You will constantly see people on LinkedIn bragging about "all the deals they're buying" and that "we're at 5000+ units". What they don't tell you - is that it all OPM (other peoples' money). 


Believe me - I see all the organizational charts.


You're forgetting about the best part, when there are 25 "different syndicators" on the GP side, all claiming to have just added 500 doors. Not to mention they have 1/25th of the 25-30% equity chunk on those 500 doors and that is after a preferred return.

Lol - hit the nail on the head. 

These guys are all Kroger store-brand Grant Cardone wannabes IMO. 

Will be entertaining to watch these guys get cleaned out / start jumping off bridges when rates rise on their max leverage IO loans, pref investors bail, and their models' 3.75% exit caps don't pan out. 

Originally posted by @Justin Gottuso:

@Andrew Syrios

I do not include capex in my cash floe numbers because I don’t save $100 per month for big repairs and renovations that will cost thousands of dollars. I have a savings/emergency fund of thousands of dollars for my properties for that.

I add in a Recurring CAPEX or Replacement Reserve to may analysis to account for those costs going forward.

Originally posted by @Justin Badillo :

@Joe Villeneuve if you start by funding from a job, where else would you get the money. What strategy would you use to start? How much to start with? I have also never seen those sequence of numbers before. Sorry for all the questions!

 There are many places to get funds from.  The key is based on the strategies used.  There is no one strategy to start with.  The strategy used is based on the best one for the best deal for a specific property.  Start with what you have.  Learn strategies based on where you are starting from money wise.  Learn as many strategies as you can.  Don't fall into the mistake of learning one strategy, and get really good at it.  That makes absolutely no sense at all.  You'd be severely restricting yourself, losing out on so many opportunities you couldn't count them, and end up forcing deals that you shouldn't buy...just because you get frustrated and impatient due to your limited knowledge of strategies.

That number sequence is my secret formula for decision making.  It's based on a few basic rules:

1 - Never spend you seed money, but use it to infinity.
2 - Never invest for linier returns...only compounded ones.
3 - learn the difference between "your" cost and "total" cost.
4 - If total cost = your cost,...you lose
5 - Understand that the asset isn't the property...it's the cash in the property,
6 - The property is just the temporary transportation for your assets.
7 - Keep your assets moving.
8 - Equity is dead cash.  You don't own it...the property does.
9 - The more your equity grows in the same property, the less it is worth.
10 - Never spend you seed money

Originally posted by @Justin Badillo :

@Eric James trying to break that ground to get into real estate seems to be tough to say the least. Is there a better way than just funding a down payment? Or would say partner up with someone, private lender?

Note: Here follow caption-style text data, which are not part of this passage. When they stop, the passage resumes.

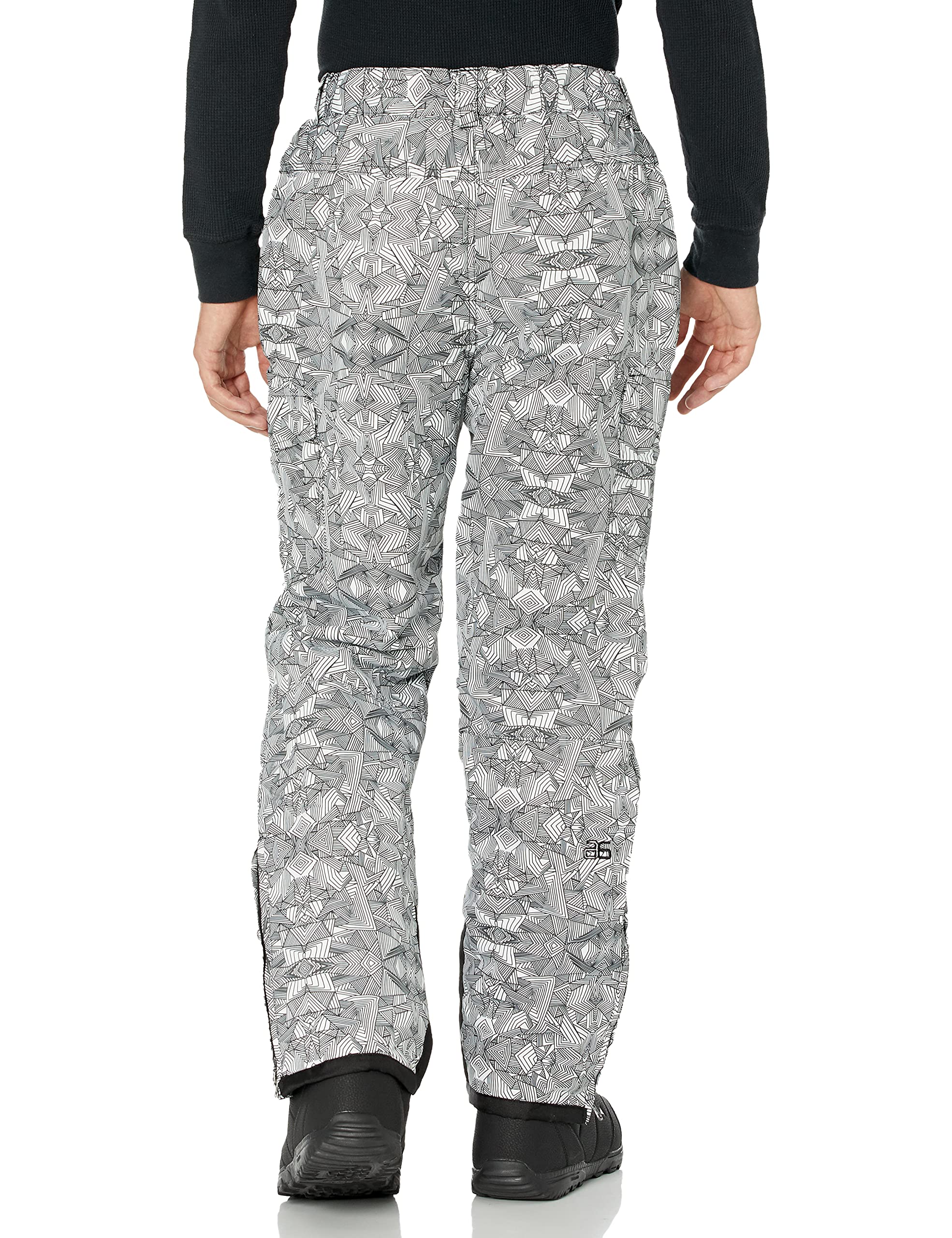 Arctix Men's Insulated Snowsports Cargo Pant ( Diamond Print White ,Large/32" Inseam ) Diamond Print White Large 32 Inseam U1
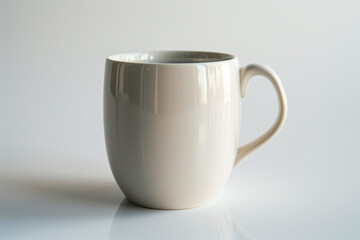 Mug white coffee  lies on a simple background.
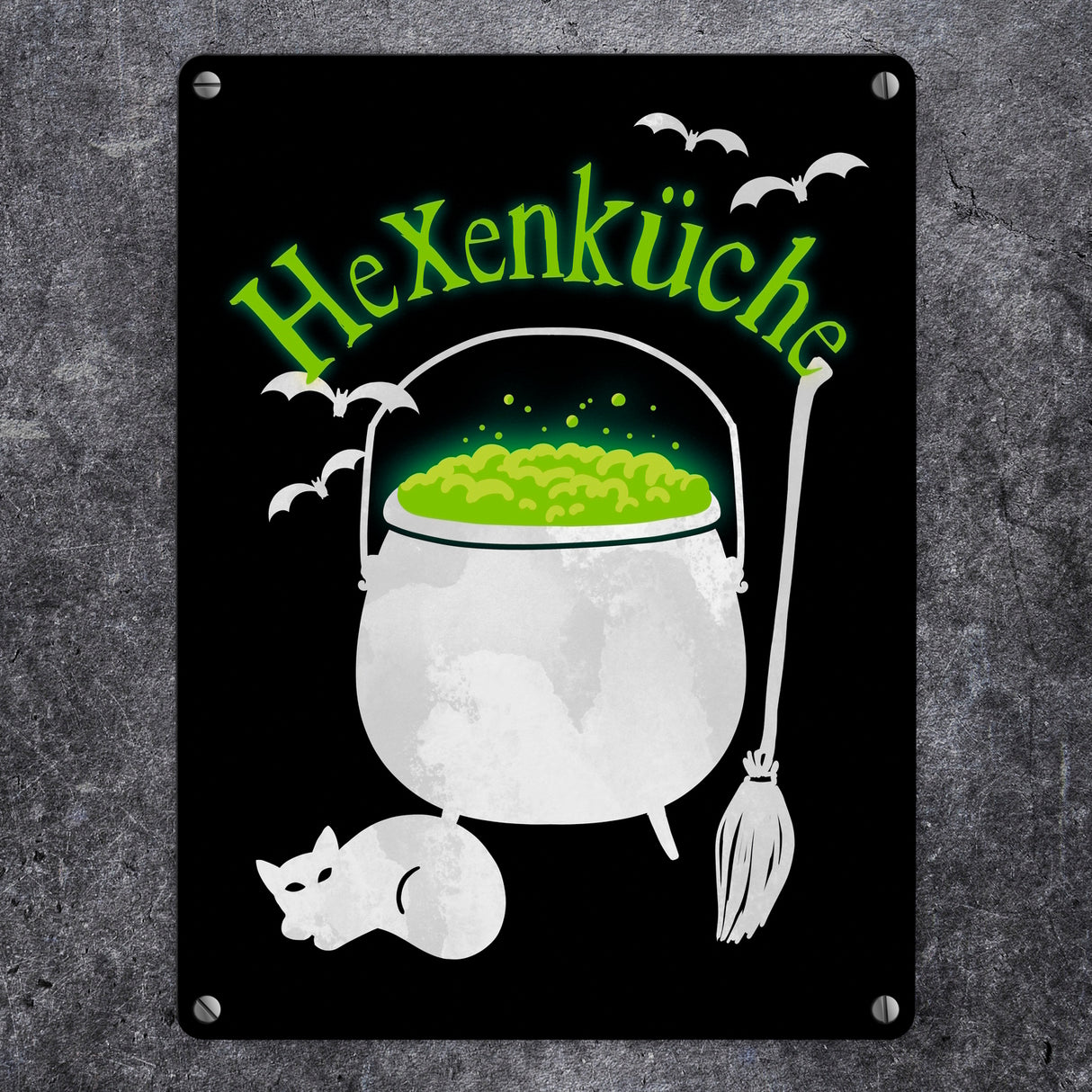 Hexenküche Metallschild mit Hexenkessel für Halloween
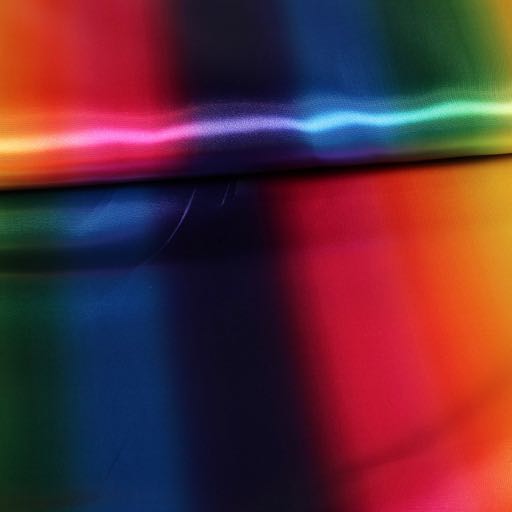 Satin fabric multicolor rainbow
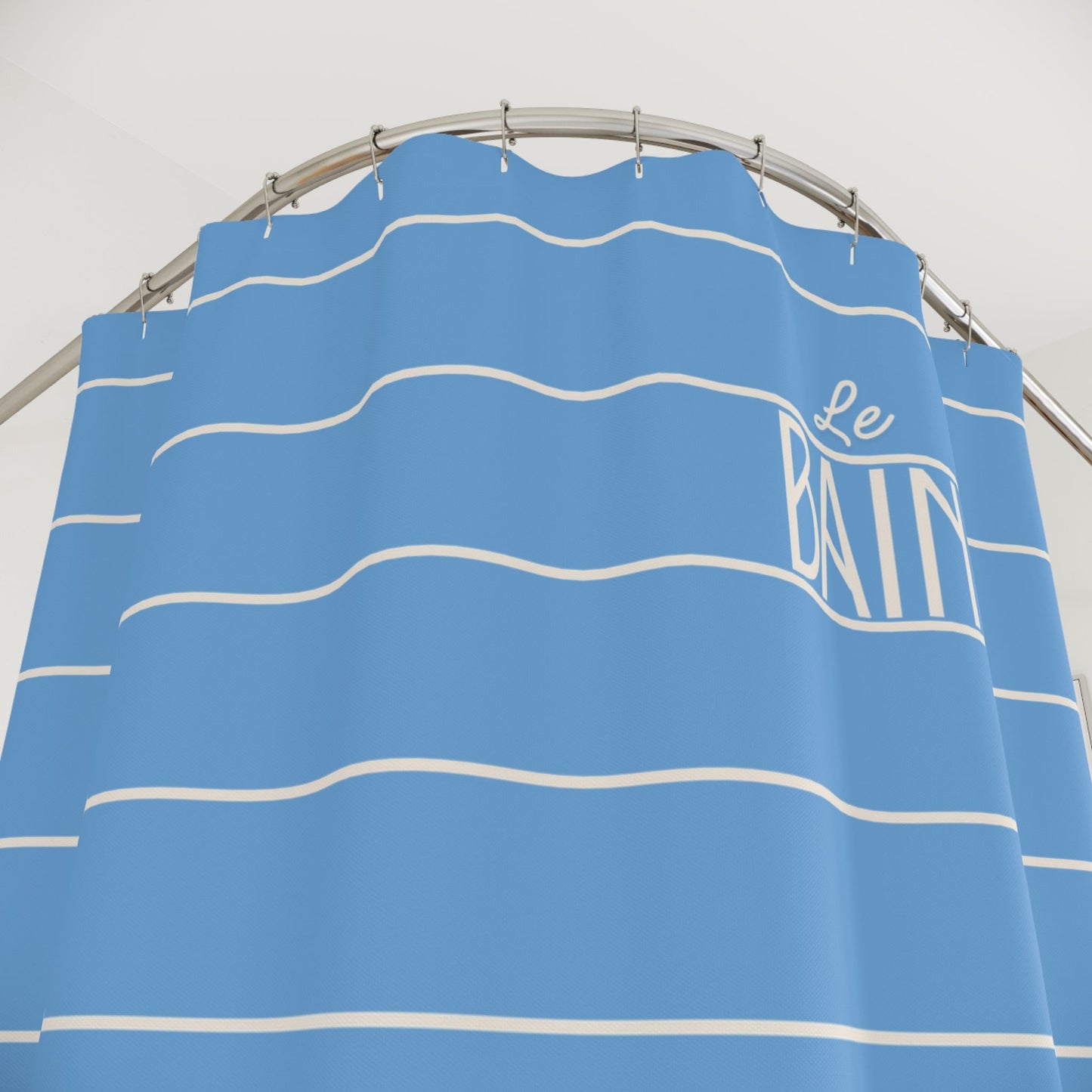 Baby Blue 'Le Bain' Shower Curtain — Striped Sailboat Kid's Bathroom Decor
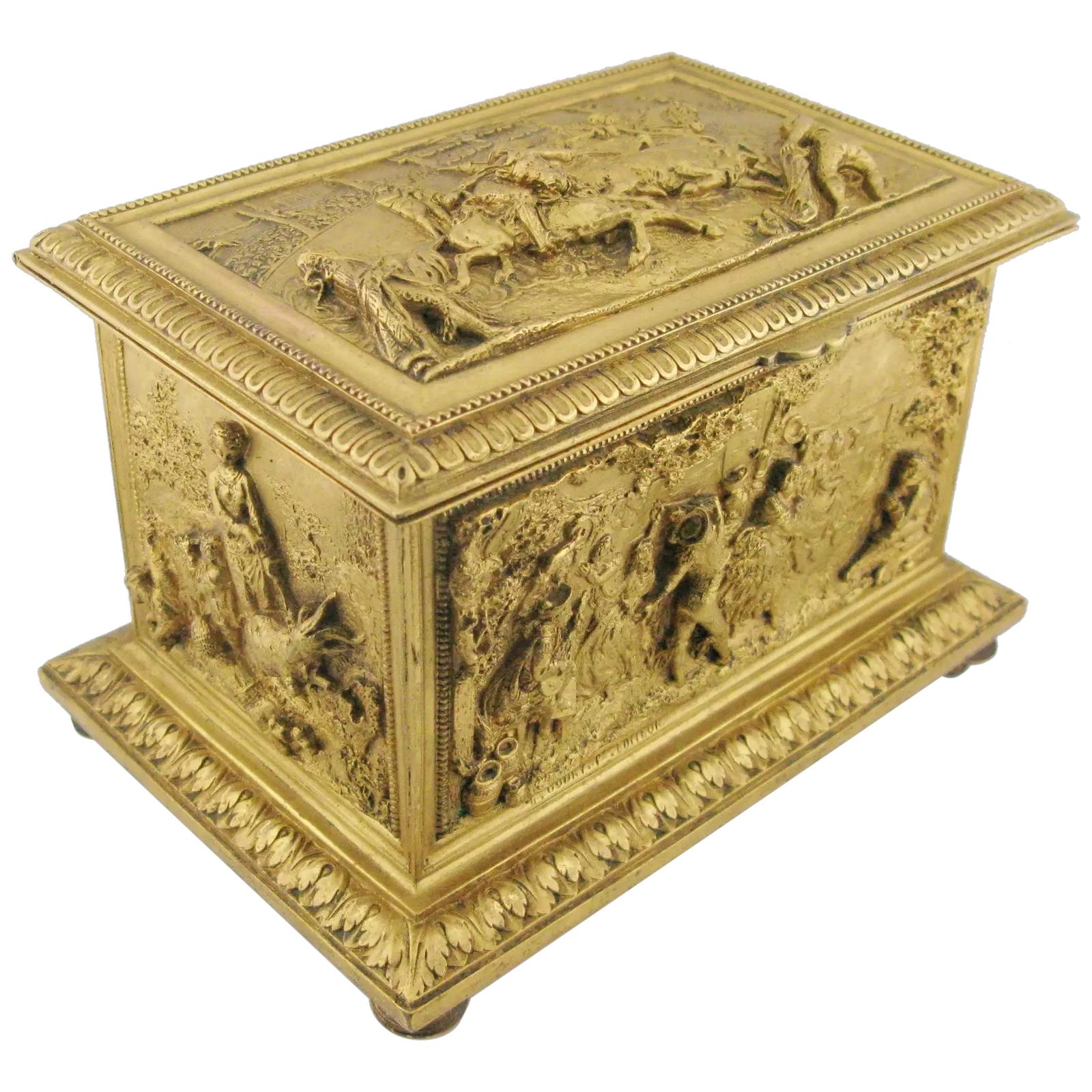 19th Century Gilt-Brass French Music Box Jewelry Casket Leopold Oudry (1 of 14)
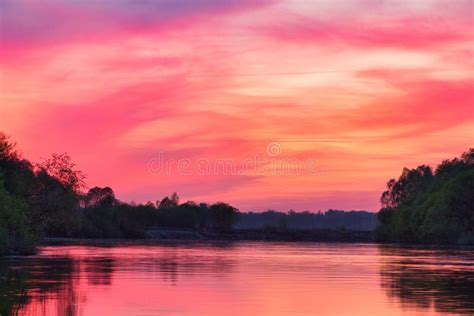 Red Bloody Sunset Over The River In Summer Stock Image Image Of Light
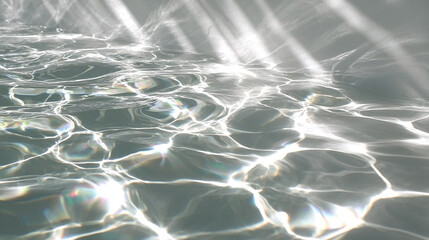 pristine turquoise pool water, shimmering ripples, crystal clear, serene reflection, inviting and refreshing,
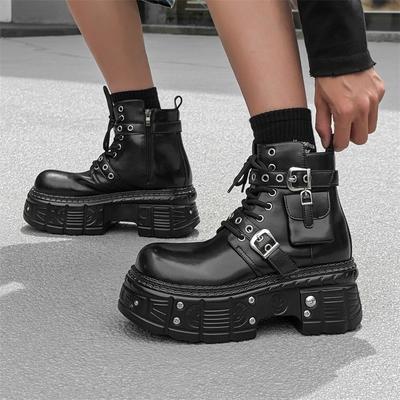 Paar Dunkle Motorradstiefel Heavy Metal Plateau-Stiefeletten Herren Damen Punk Freizeit Lederschuhe Ritterstiefel Botas Para Mujer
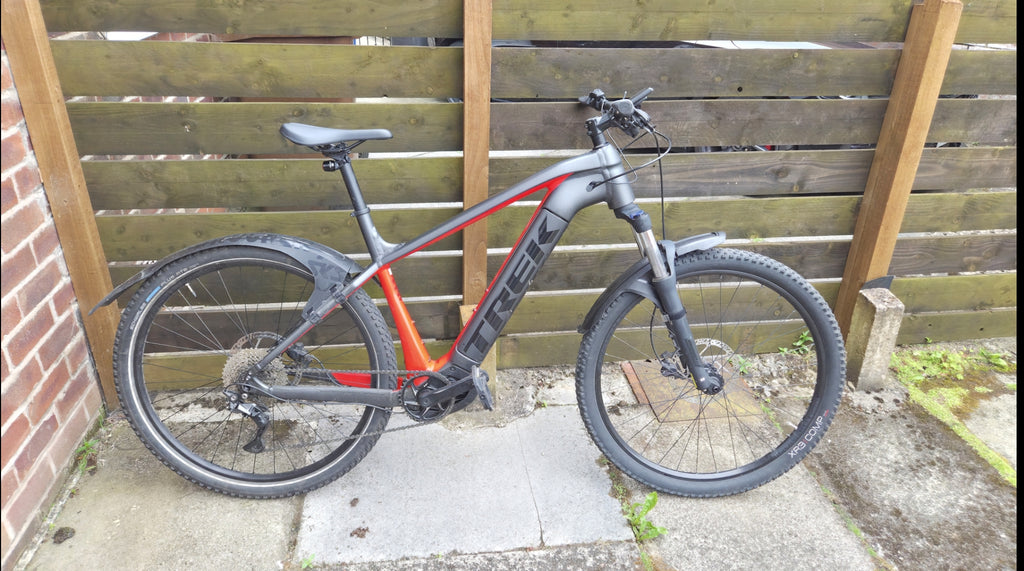 Pre-Owned 2023 Trek Powerfly 4 Electric Hardtail Mountain Bike In Black & Red X-Large Frame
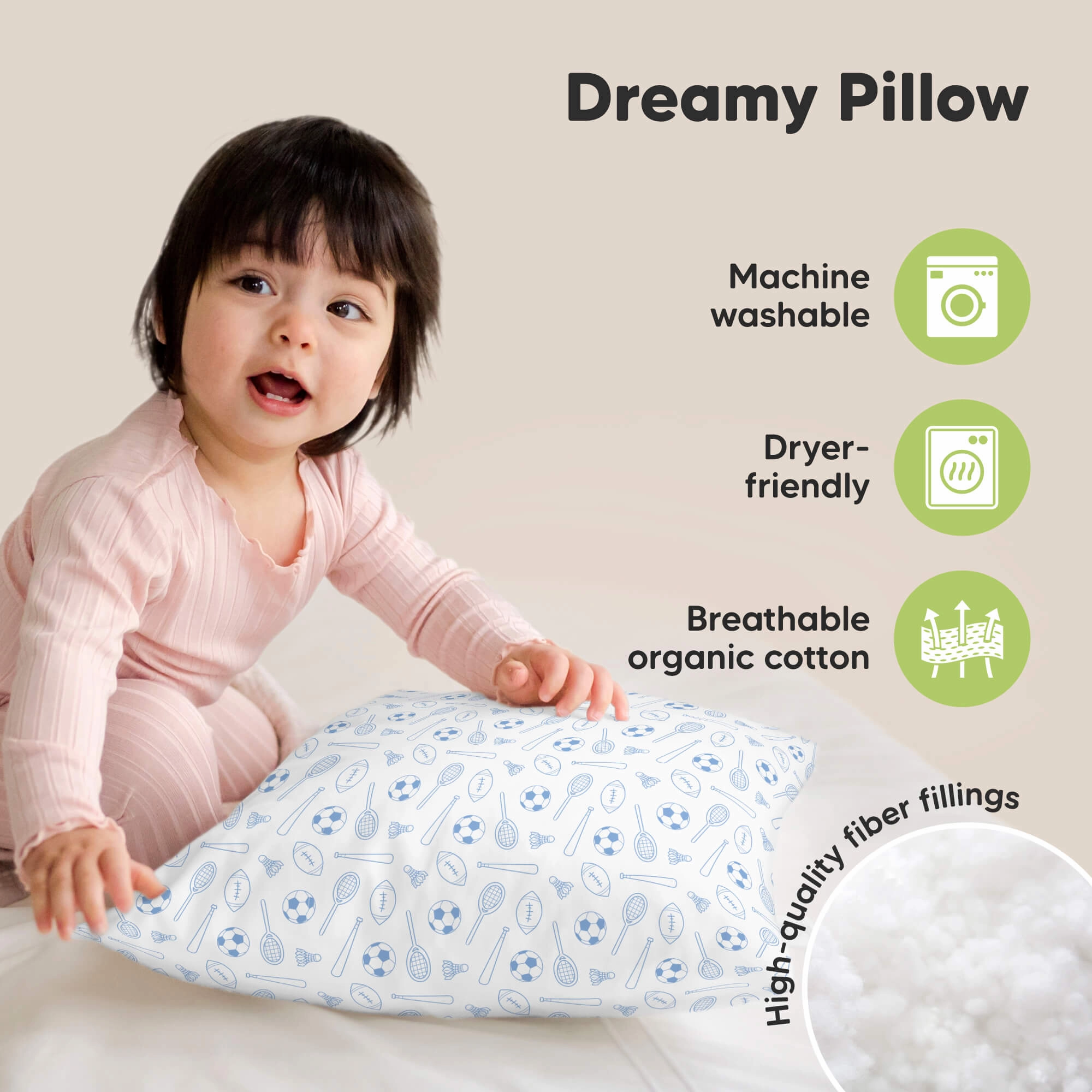 2-Pack Toddler Pillows (Sports)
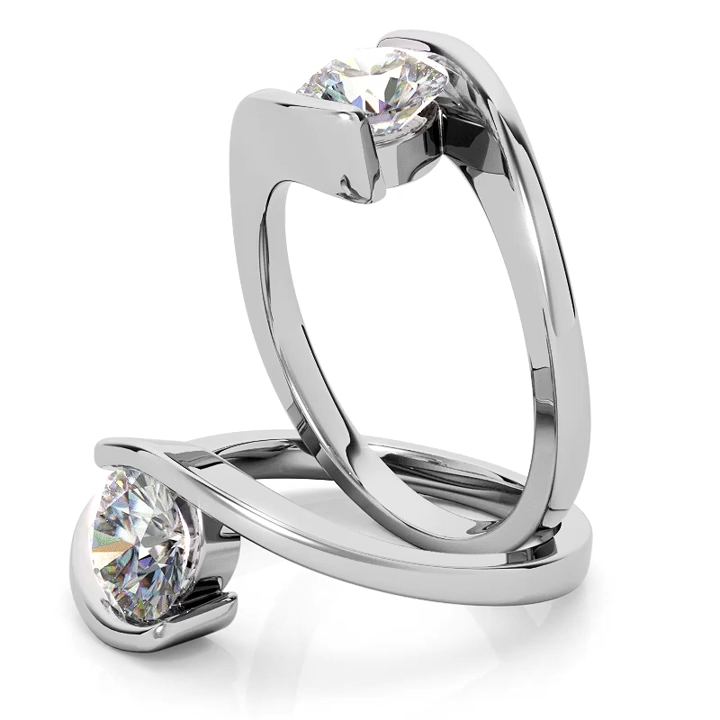 1Ct Moissanite Solitaire Tension Set Bypass Engagement Ring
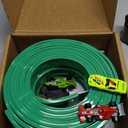 15.75 Ft Flex Track for Kids, Flexible Race Track Compatible with Hot Wheels and Diecast 1/64th Cars, Roll-Up Portable Race Car Ramp Track with Suction Cups & Track Anchors & 4 Race Cars, Green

 If you're a novice you don't want to scale quickly. First, because you're going to make mistakes. Second, because you need to learn financial discipline. Skipping that by finding someone to hand you a bunch of cash will likely lead to disaster.

Some are lucky.

Some are lying.

Some are really good at what they do.

Too many factors to nail it down to a secret sauce that can be repeated by anyone. I started to get serious in 2016 by purchasing a hoarder house for $55,000 that I renovated myself. I learned that I'm too slow and don't enjoy it as much as I thought, but the home turned out to be a great investment (rented with 0 vacancy and worth $200,000+ today). I kept saving and investing as opportunities presented themselves, without much of a plan until 2019. Long story short, I am now netting over $15,000 monthly from my investments. Over half of that comes from the three properties I just bought in the last year when I finally had enough money to buy a little smarter.

I scaled quickly by earning extra money in my primary job (property management and sales), living debt free, sticking to a budget, and putting every dime (including all cash flow) right back into investments.

To be honest, I kind of surprised myself these last two years.

@Brittany Baker   Forget how "they" did it, lets figure out how you're going to do "it".  

I'm in Self Storage but still have the same financing decisions as it relates to Scalability/growth.

A. Point "A": How much Cash and Collateral (65%) do you have. What is your financing mechanism? Cash, SBA 10%; SBA 15%; conventional 5%; Conventional 25%; Conventional 40%. Get to Syndication later. The combination of these factors determines your project sizes. Also when you "CAP" out with your existing Collateral and have to find a new funding source.

B. Point "B: Where do you want to get to and how fast? Also how much risk/passivity. As people have mentioned, need to keep it apples to apples. Before/after income tax; with/without Capex set aside; etc.

C.  Now build a spreadsheet going from Point A to Point B.  Put a timeline along the side.  Now insert "Deals".

D.  Risk Assessment- perform one.  Interest rate change.  Bank 5 year renewal.  Inflation.  Scalability- cant do it all yourself, need a team?, etc.

E.  When do you quit your day job?  Or do you?  Part of your Risk analysis.  If you don't build a Team, then you have to quit your day job.  So along this timeline add in your team.  Just because your making $10,000 per month, you might need a $50,000/benefits maintenance person as you scale.

F. On your bank, find the following out: 1. Federal Lending Cap. Does this fit your goals?; 2. LTV loan to Value; LTC Loan to Cost; What are their expectations?; 3. Will they do "interest only" construction loans? How long or occupancy %?; 4. Etc.

Lets say your target is $10,000 per month. Again make sure this includes income taxes and Capex.

Lets say your first deal had $20,000 collateral/cash, and cash flow $200 per month after income tax and Capex set aside.

To get to $10,000 per month using $200/month you need 50 deals.  Also you need 50 x $20,000 collateral= $1,000,000.  

Now use the BP folks to challenge this. Example: 1. You don't need $1,000,000; part of this should come from refi., 2. Can you source 50 SFH's and BRRRR them; or do you need to switch to MFH?, This has to fit your "Life"; not someone else., 3. Etc, etc.

Key point is to visualize the path.  These folks have been down the path, and can help you adjust it.  

If this path doesn't get you there or if the time frame you want, then need to search out a different REI model or financing tool.

Start small and Make Your Big Mistakes Early.

We have been doing Self Storage for about 6 years.  Only in the last 2 years, have we gotten to scale where I am more than comfortable to compete/win with the larger REITS in self storage.  It took a lot of mistakes and learning to get to this point.  Also my bankers, contractors and family trust me based on our past performance.  We could not/should not Scale to where we are today in years 1 to 3.  Go at your own pace, risk tolerance and goals.  With the knowledge and experience we have now, we could easily scale in 3 years with low risk; but we started from zero knowledge base.

Develop a path, then put it on this post string and have these folks help you challenge it and improve it.

Slow and steady for me-maybe...maybe add one a year. The last person that I talked to, who has been scaling quickly (8 singles/dups per year with no income other than from managing the SFR's) was doing this with hard money from another friend who has a high income. I want to get there myself, but when he told me about the 12% rates + points he's paying, I just can't see how it's sustainable. If 4 of the units go vacant for 3 months and you get someone who throws a window unit off the roof and into the neighbors living room then you've just got yourself a whole world of problems to deal with. I may be too conservative but I'd rather have higher cash reserves and equity built up for all the craziness that can happen.